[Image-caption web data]
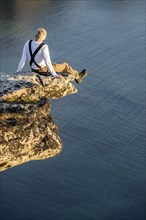 Hiker sitting on rock ledge on precipice above sea
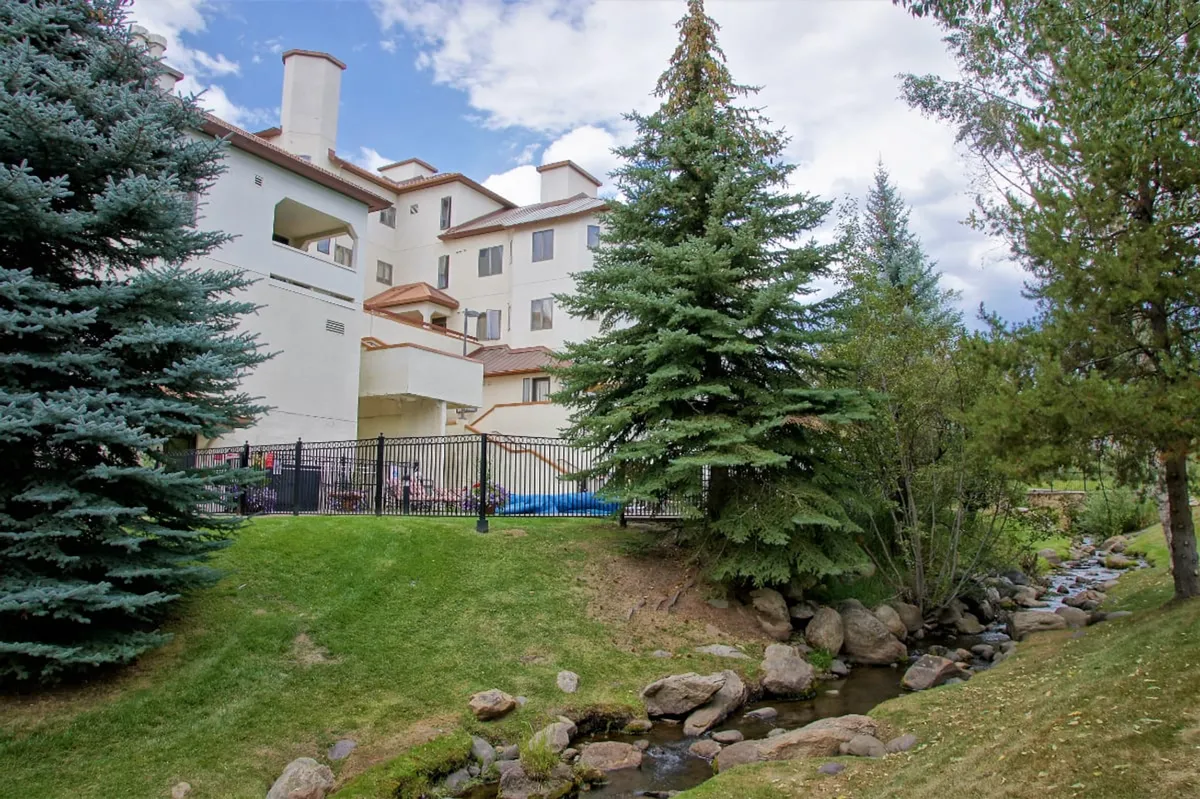 This photo shows tall evergreen trees, a gentle stream running alongside the building facade, and a welcoming patio area. The outdoor space feels integrated with the natural landscape, suggesting easy access to nature walks, streams, and opportunities for outdoor gatherings or relaxation.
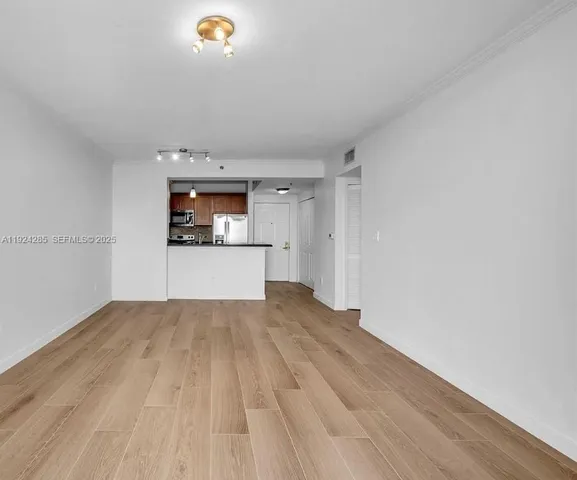 a view of a room with a kitchen and wooden floor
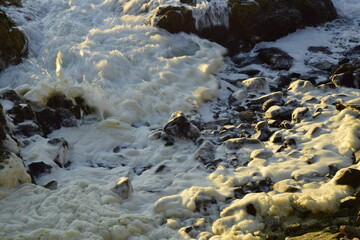 Sea foam among the rocks on the ocean coast. Antofagasta, Chile.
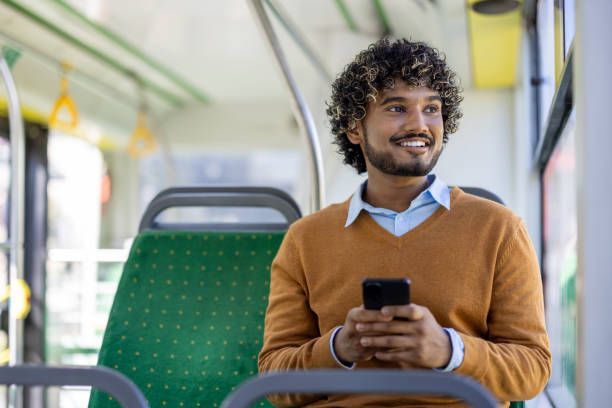 istock Happy man using smartphone while traveling in public transport, enjoying a pleasant commute on city bus 2174751533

REQUIRED ACTION: Apart from the images, please copy every line of the data exactly as written.

ANSWER SECTION:
 Hiker sitting on rock ledge on precipice above sea
 This photo shows tall evergreen trees, a gentle stream running alongside the building facade, and a welcoming patio area. The outdoor space feels integrated with the natural landscape, suggesting easy access to nature walks, streams, and opportunities for outdoor gatherings or relaxation.
 a view of a room with a kitchen and wooden floor
 Sea foam among the rocks on the ocean coast. Antofagasta, Chile.
 istock Happy man using smartphone while traveling in public transport, enjoying a pleasant commute on city bus 2174751533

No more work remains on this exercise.